Anytime Christopher Walken opens his mouth, it's comedy gold. And it's for this reason that I chose this clip from Balls of Fury.
It may only be 22 seconds long, but that's all he needs. I don't know if he goes out of his way to talk like this or if he just had a stroke or something, but I've been trying to master my Walken impression for years now.
"Okie-dokie artichokie." You couldn't hear me say that, but it was good.
Ask Adam Sandler fans what movie of his is their favorite, and they'll surely tell you Happy Gilmore. For me personally, it's Punch-Drunk Love, but this is a close second.
The video is actually a compilation of funny scenes, but you really can't beat Happy putting his hockey skills to good use, knocking out the golfer who's laughing at his terrible putting.
Then there's the scene where he gets beat up by Bob Barker.
Golf is an incredibly difficult, technical game that require a lot of concentration, dedication and practice—and that's just if you want to play it well.
When I play golf, I do the Happy Gilmore—it's run and swing. When I actually try, I look like "Whitey" here. Getting into the right frame of mind might require you to look like a dumbass, and I'm not willing to make that sacrifice just yet.
If only I was as brave as Charles Barkley.

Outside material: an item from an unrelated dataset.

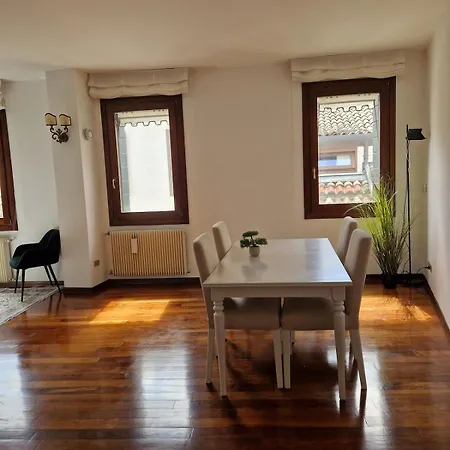 Centro Storico דירה טרוויסו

So check out this scene of "Whitey," as I'm sure all you golf players out there will surely be saying, "I know so many guys that do this." And hopefully you're not that guy yourself.
I'm typically not a fan of Will Ferrell. I just don't find him all that funny, unlike the show SportsNation, which thinks he's just the funniest person ever.
I don't get it. It seems like he's always playing the same character, just like Johnny Depp, but that's a conversation for another day.
I will say, though, this scene cracked me up.
Some of the best comedy comes from the joke being half true. Who among us can say that prayers this absurd don't occur in American households?
If God does indeed exist—let's not debate this, please—even he couldn't help but shake his head at the asking of him to use his "baby Jesus powers" to cure a smelly leg.
This scene is brilliant in its absurdity.